Conclui pela procedência dos embargos.
A Exequente contestou, alegando, em síntese:
- Celebrou com a embargante um contrato de mútuo, no montante total de €26.615,76, que esta se obrigou a pagar em 72 prestações, iguais, mensais e sucessivas, de €368,08, que se destinou à aquisição de uma viatura automóvel.
- Resultado do incumprimento reiterado das obrigações contratuais, a exequente resolveu o contrato, por carta registada com AR de 11/05/12, interpelando a embargante para o pagamento da quantia em dívida, o que não sucedeu até ao momento.
- A livrança foi preenchida de acordo com o pacto de preenchimento previsto na cláusula 10ª do contrato de crédito, cláusula que a embargante aceitou.
Concluiu pela improcedência dos embargos e juntou documentos.
A Embargante impugnou os documentos juntos com a contestação, invocando a nulidade do contrato e dizendo que nunca recebeu os demais.
Na sequência de convite que lhe foi dirigido para o efeito a Embargada esclareceu a forma pela qual procedeu ao cálculo do valor em dívida e inscrito na livrança.
A Embargante limitou-se a impugnar os documentos juntos com este último articulado.
Foi proferida decisão no despacho saneador que julgou improcedentes os embargos.
A Embargante interpôs recurso, formulando as seguintes conclusões:
...
Não foi apresentada resposta.
1. Do objecto do recurso
Considerando que o objecto do recurso é delimitado pelas conclusões formuladas as questões a apreciar são as seguintes:
- nulidades da sentença
- impugnação da matéria de facto
- prescrição do título executivo
2. Da nulidade da sentença
A Recorrente alega que a sentença é nula porque não conheceu de questões que devia ter conhecido - art.º 615º, n.º 1, d), do C. P. Civil - e porque conheceu de questões que não podia ter conhecido - artigo 615.º, n.º 1, b), do C. P. Civil.
Quanto à primeira causa de nulidade o Recorrente não explicita quais são as questões cuja análise e resolução foi omitida pela decisão recorrida, pelo que não é possível verificar a existência da alegada nulidade.
Quanto à segunda causa de nulidade invocada, o Recorrente alega que na sentença foram considerados provados factos cuja prova ainda não existia no processo.
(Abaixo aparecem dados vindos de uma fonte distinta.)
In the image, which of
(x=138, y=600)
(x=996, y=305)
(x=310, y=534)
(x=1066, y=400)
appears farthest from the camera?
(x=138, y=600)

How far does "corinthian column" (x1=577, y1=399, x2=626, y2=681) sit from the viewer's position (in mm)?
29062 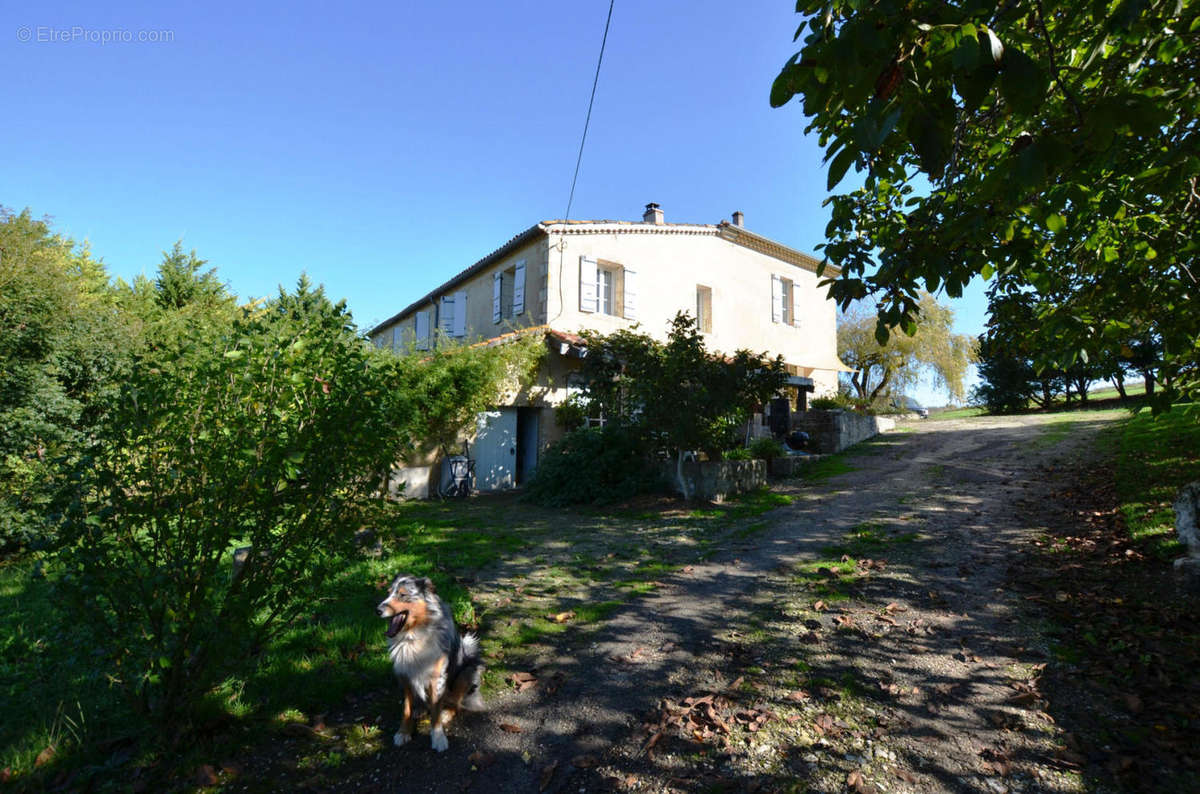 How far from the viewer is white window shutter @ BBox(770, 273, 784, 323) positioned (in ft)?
68.7

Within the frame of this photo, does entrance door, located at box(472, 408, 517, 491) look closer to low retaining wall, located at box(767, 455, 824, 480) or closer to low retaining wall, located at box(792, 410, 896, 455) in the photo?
low retaining wall, located at box(767, 455, 824, 480)

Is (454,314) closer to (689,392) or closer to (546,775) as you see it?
(689,392)

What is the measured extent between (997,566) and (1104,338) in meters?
2.59

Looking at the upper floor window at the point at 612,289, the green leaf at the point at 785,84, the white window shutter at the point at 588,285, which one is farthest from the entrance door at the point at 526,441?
the green leaf at the point at 785,84

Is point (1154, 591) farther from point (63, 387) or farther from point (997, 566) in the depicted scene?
point (63, 387)

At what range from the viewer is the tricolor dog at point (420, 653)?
3.04 meters

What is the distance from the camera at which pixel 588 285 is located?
1582cm

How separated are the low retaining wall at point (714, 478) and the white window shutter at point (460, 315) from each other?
10.7m

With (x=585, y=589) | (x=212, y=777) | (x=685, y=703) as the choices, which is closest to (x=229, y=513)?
(x=212, y=777)

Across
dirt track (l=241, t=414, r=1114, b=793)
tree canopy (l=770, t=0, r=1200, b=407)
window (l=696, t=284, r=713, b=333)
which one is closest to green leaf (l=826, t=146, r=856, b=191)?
tree canopy (l=770, t=0, r=1200, b=407)

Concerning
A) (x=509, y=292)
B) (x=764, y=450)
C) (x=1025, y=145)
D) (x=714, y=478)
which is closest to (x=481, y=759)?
(x=1025, y=145)

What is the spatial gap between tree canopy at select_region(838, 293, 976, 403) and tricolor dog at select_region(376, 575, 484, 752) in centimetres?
3033

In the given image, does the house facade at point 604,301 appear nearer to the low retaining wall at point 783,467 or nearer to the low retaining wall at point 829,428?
the low retaining wall at point 829,428

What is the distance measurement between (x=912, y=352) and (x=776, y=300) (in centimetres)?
1507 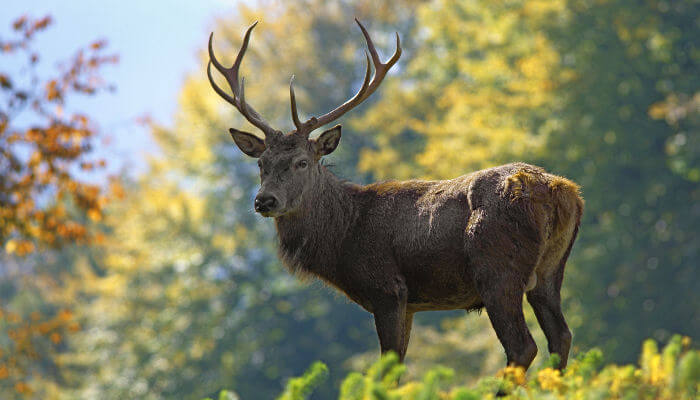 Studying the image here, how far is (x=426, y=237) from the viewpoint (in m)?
6.35

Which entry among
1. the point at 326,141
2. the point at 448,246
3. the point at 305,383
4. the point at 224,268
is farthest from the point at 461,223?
the point at 224,268

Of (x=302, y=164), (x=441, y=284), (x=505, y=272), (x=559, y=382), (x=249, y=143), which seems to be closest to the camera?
(x=559, y=382)

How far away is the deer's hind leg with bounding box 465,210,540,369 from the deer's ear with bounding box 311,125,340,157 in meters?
1.73

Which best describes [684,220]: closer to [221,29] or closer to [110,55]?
[110,55]

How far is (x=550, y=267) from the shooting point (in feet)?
20.7

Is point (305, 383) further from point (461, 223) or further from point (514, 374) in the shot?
point (461, 223)

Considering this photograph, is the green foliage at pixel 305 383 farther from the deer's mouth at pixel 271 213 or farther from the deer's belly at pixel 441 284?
the deer's mouth at pixel 271 213

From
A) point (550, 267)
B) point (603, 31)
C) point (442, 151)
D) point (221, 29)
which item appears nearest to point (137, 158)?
point (221, 29)

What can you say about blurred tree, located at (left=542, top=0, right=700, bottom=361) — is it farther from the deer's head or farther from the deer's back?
the deer's back

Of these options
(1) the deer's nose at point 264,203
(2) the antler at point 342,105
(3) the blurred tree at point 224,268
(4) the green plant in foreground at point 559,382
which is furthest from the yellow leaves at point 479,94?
(4) the green plant in foreground at point 559,382

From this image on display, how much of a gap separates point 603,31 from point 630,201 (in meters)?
3.70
Esta alegação não consubstancia a existência do vício previsto na alínea b) do n.º 1 do art.º 615º do C. P. Civil, mas sim um erro de julgamento sobre a matéria de facto que podia ser já considerada provada nesta fase processual.
Por estas razões improcede a invocada nulidade da sentença recorrida.
3. Da impugnação da matéria de facto provada
A decisão recorrida é um despacho saneador que conheceu imediatamente do mérito da causa, por ter entendido que o estado do processo permitia, sem necessidade de mais provas, a apreciação total do mérito do pedido formulado, nos termos do art.º 595º, n.º 1, b), do C. P. Civil, tendo, por isso, o valor de sentença.
Nela, foi dito que, atentos os documentos juntos ao processo de execução e os documentos juntos pelas partes com os articulados nos presentes embargos, se julgavam  provados os seguintes factos:
1. “M..., S.A.” propôs execução sumária para pagamento de quantia certa contra D..., com base em livrança, no montante de €5.439,65 (cinco mil quatrocentos e trinta e nove euros e sessenta e cinco cêntimos).
2. A embargante celebrou com a embargada um contrato de mútuo, por via do qual lhe foi concedido um empréstimo de €19.000,00 (dezanove mil euros).
3. Tal quantia seria paga em 72 (setenta e duas) prestações iguais, mensais e sucessivas de €369,08 (trezentos e sessenta e nove euros e oito cêntimos).
4. Perfazendo o total do empréstimo e respectivos encargos a quantia de €26.615,76 (vinte e seis mil seiscentos e quinze euros e setenta e seis cêntimos).
5. O referido empréstimo destinou-se a permitir à embargante a aquisição da viatura de marca Audi, modelo A8, com a matrícula ...
6. O pagamento das prestações seria feito por débito em conta, iniciando-se com o pagamento da primeira prestação em 27/06/2006.
7. Em 09/12/2011 a embargante entregou a viatura objecto do contrato destinando-se o produto da sua venda a ser imputado ao contrato.
8. Nessa venda, em leilão, foi obtido o valor líquido de €2.800,00 (dois mil e oitocentos euros).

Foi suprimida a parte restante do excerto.